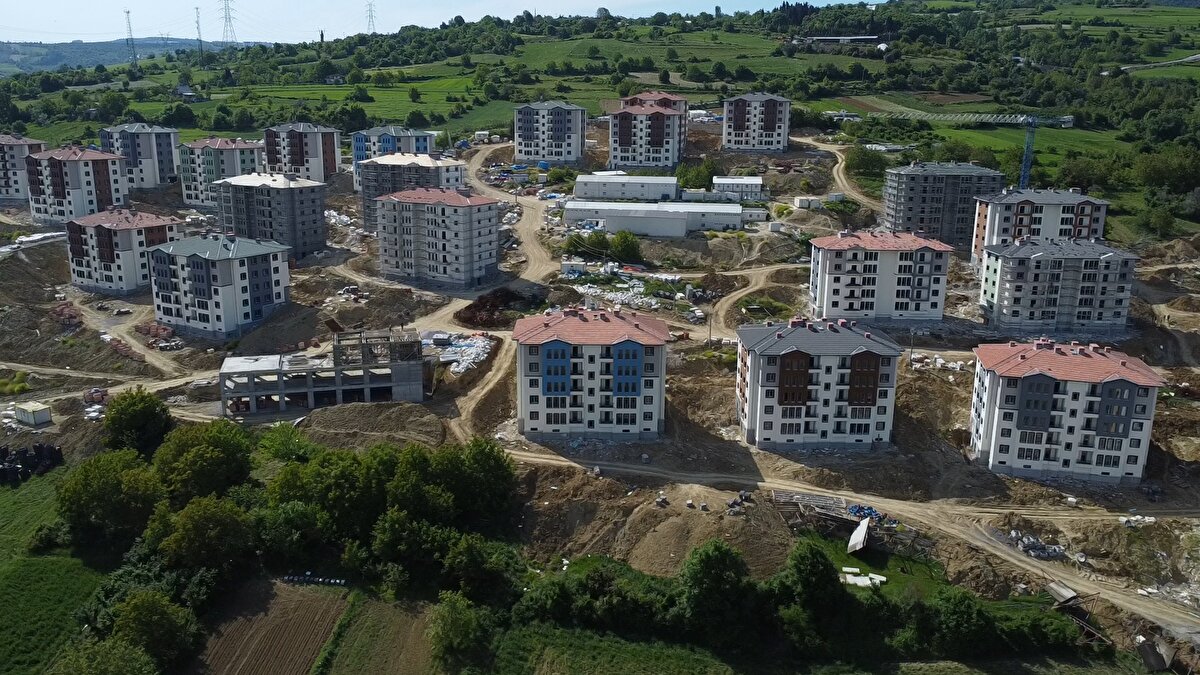 E-DEVLET ÜZERİNDEN BAŞVURU YÖNTEMİ<br>Sosyal konut projesi için başvuru işlemlerini e-Devlet üzerinden yapanların ayrıca banka şubelerinden başvurmasına gerek kalmayacak.<br><br>e-Devlet üzerinden başvurular, TOKİ Başkanlığı hizmetleri arasında yer alan "Konut İşyeri Başvuru" hizmeti bölümünden yapılabilecek. Başvuru ekranında ve ilan metninde şartlarla ilgili bilgilendirme ile ilgili projeyi seçerek başvuru yapabilecek.<br><br>e-Devlet üzerinden başvurular, TOKİ Başkanlığı hizmetlerinde yer alan Konut/İş Yeri Başvuru linki üzerinden proje seçilerek yapılabilecek.<br><br>e-Devlet üzerinden engelli ve emekli kategorisinden başvuranlar için sözleşme aşamasında engelli veya emekli olduklarına dair belge istenecek. Bu sistemle yapılacak başvurularda SMS ile iletilecek başvuru sahibi adına açılmış IBAN hesabına başvuru ücretinin belirlenen süre içerisinde EFT, havale, ATM ile yatırılması gerekecek aksi halde mevcut başvuru iptal edilecek.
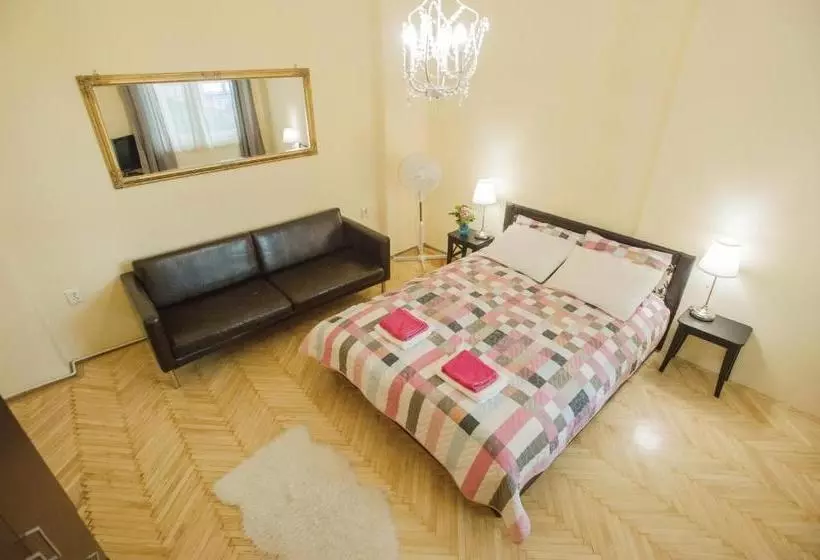 乡村酒店  Piano Apartment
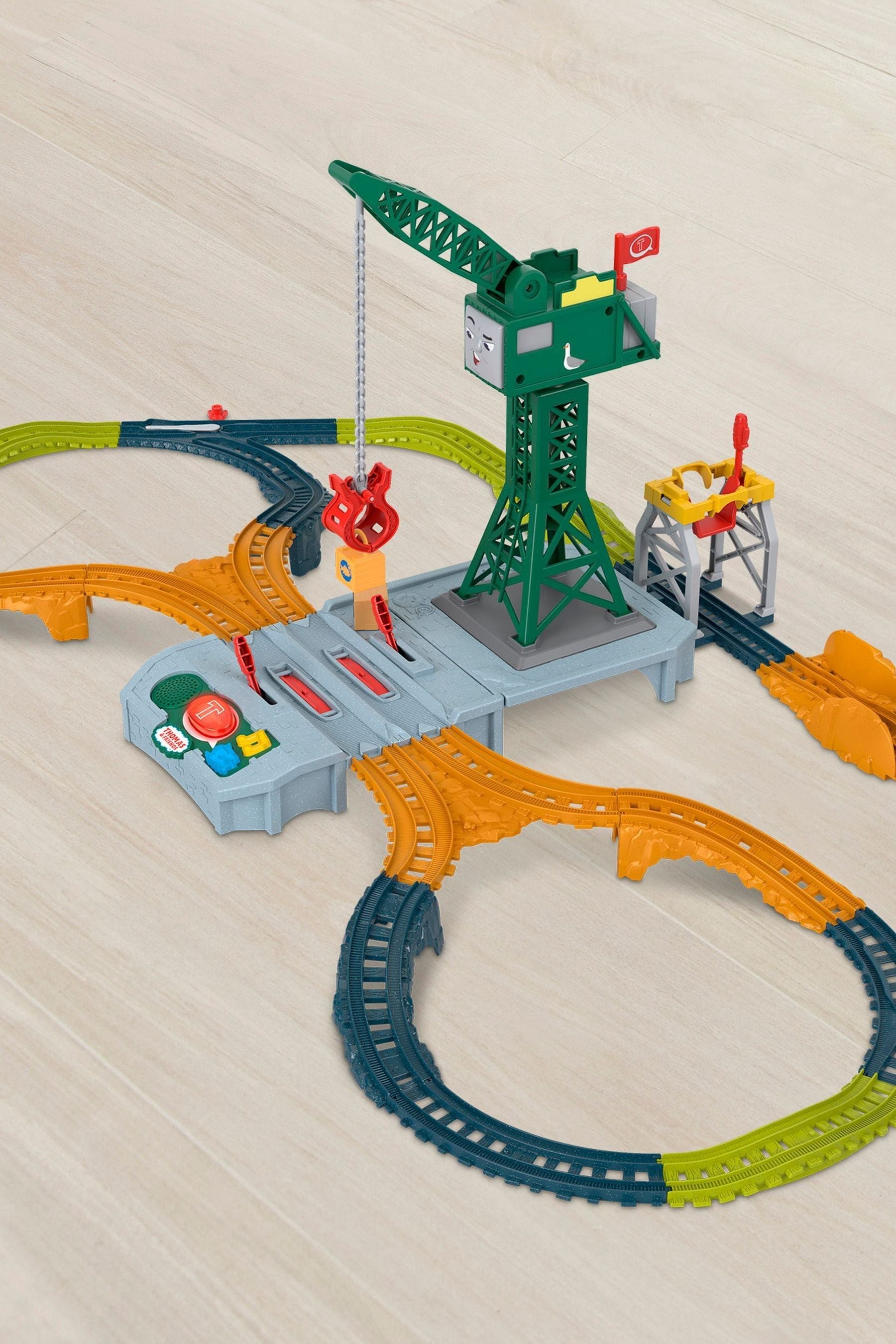 Cranky toy thomas online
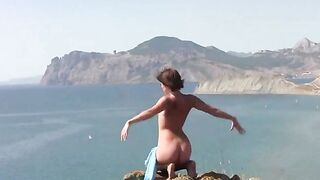 A girl is not ashamed to show her body on the beach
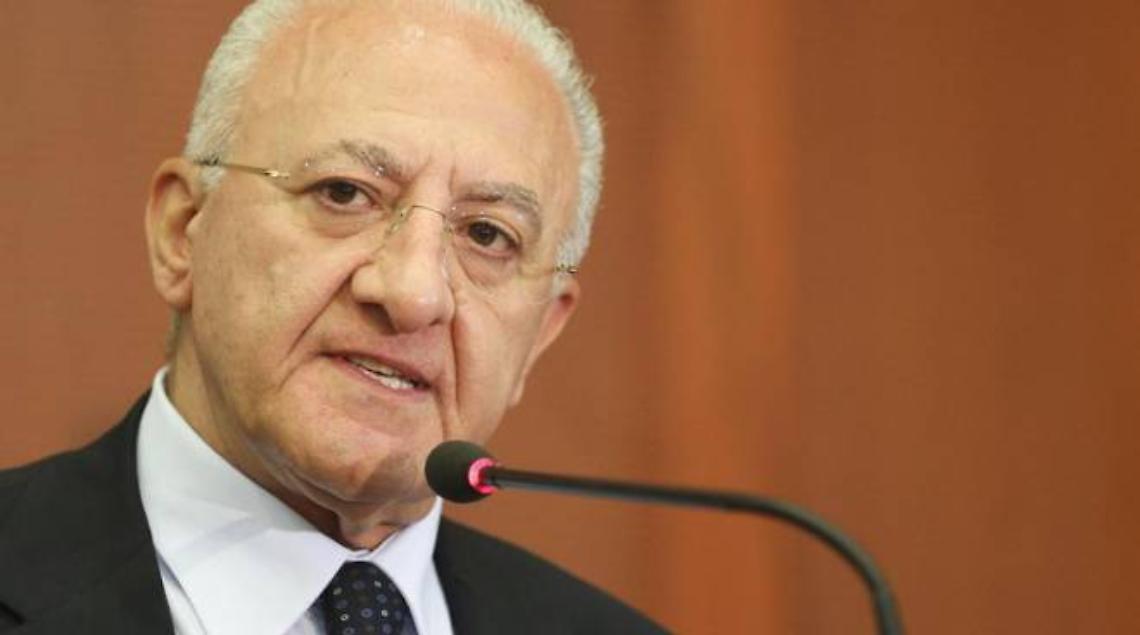 Il governatore De Luca: «Navigator? Una grande boiata, in Campania non li vogliamo»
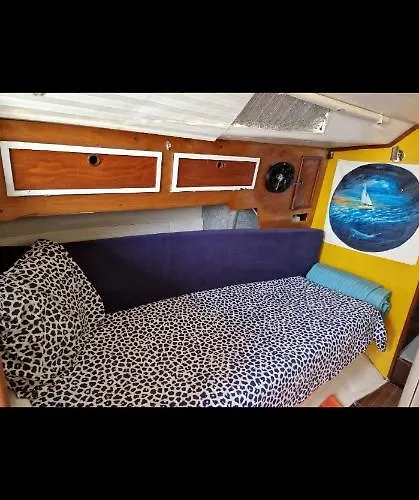 El Barquito De Arrecife (Lanzarote)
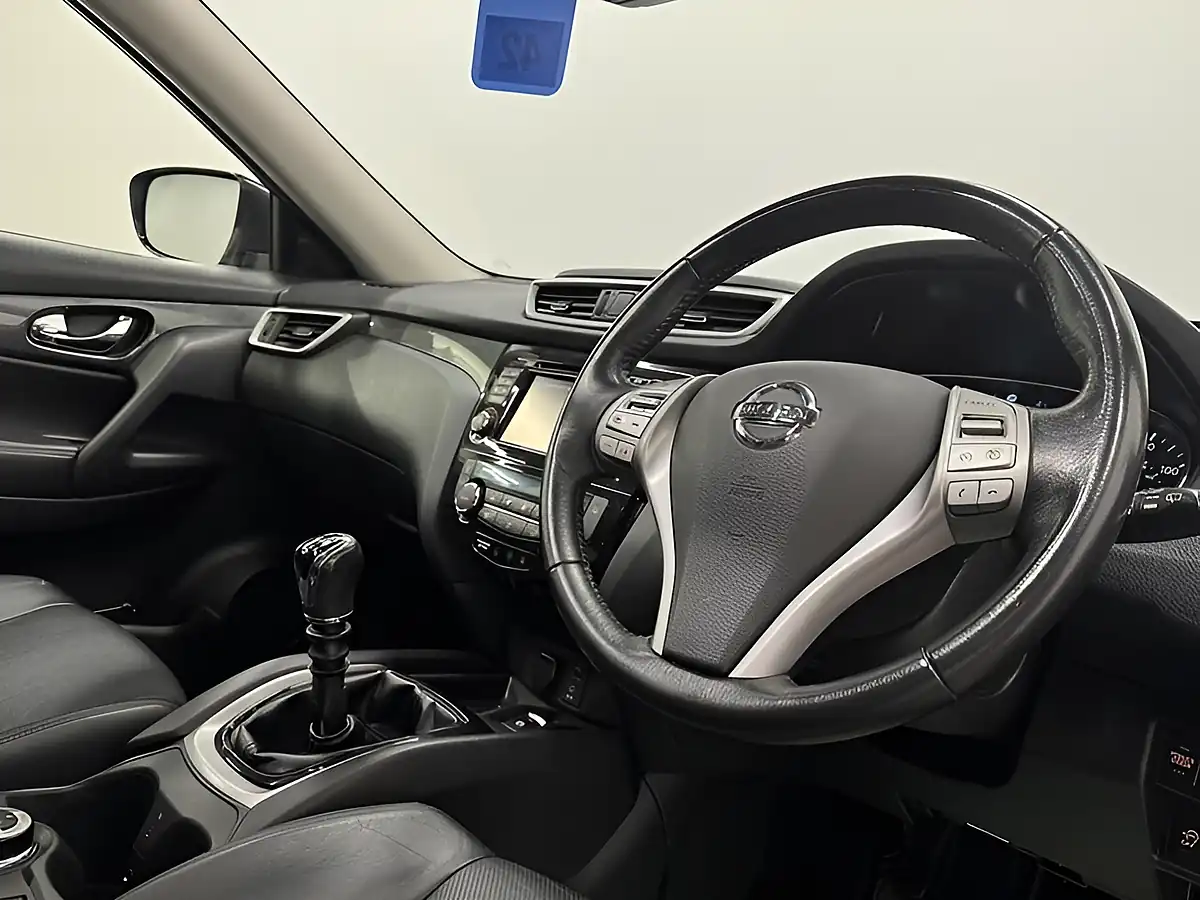 Used 2017 Nissan X-Trail Tekna Blue - Interior and Exterior details 11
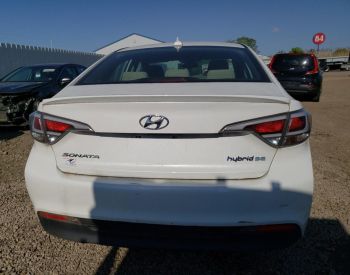 HYUNDAI Sonata 2015 2.0 - 12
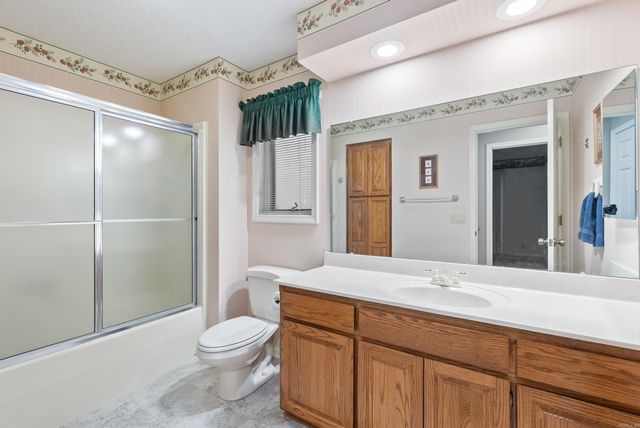 20 Charca Way, Hot Springs Village, AR 71909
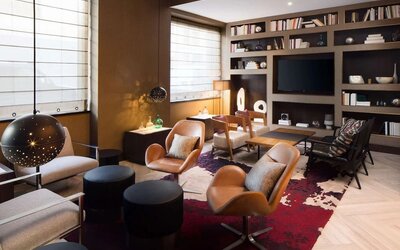 Comfortable and stylish lobby lounge at Hilton Brooklyn New York. 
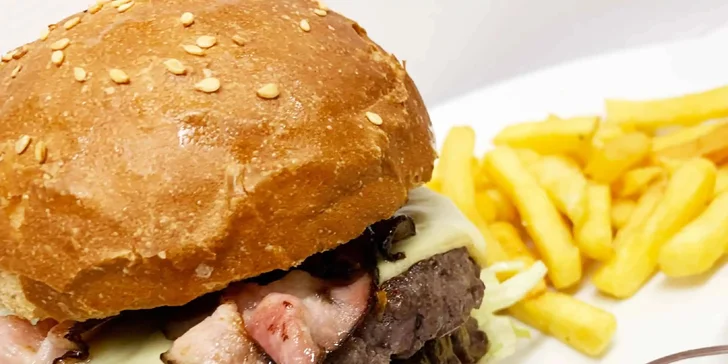 Burger podle výběru z 5 druhů až 300g masa a hranolky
============================================================
### Directions for this task
Beginning with the line that contains "Cranky toy thomas online" and ending with the final line of the listing, return each line exactly. Omit all pictures.

### Problem solution
 Cranky toy thomas online
 A girl is not ashamed to show her body on the beach
 Il governatore De Luca: «Navigator? Una grande boiata, in Campania non li vogliamo»
 El Barquito De Arrecife (Lanzarote)
 Used 2017 Nissan X-Trail Tekna Blue - Interior and Exterior details 11
 HYUNDAI Sonata 2015 2.0 - 12
 20 Charca Way, Hot Springs Village, AR 71909
 Comfortable and stylish lobby lounge at Hilton Brooklyn New York. 
 Burger podle výběru z 5 druhů až 300g masa a hranolky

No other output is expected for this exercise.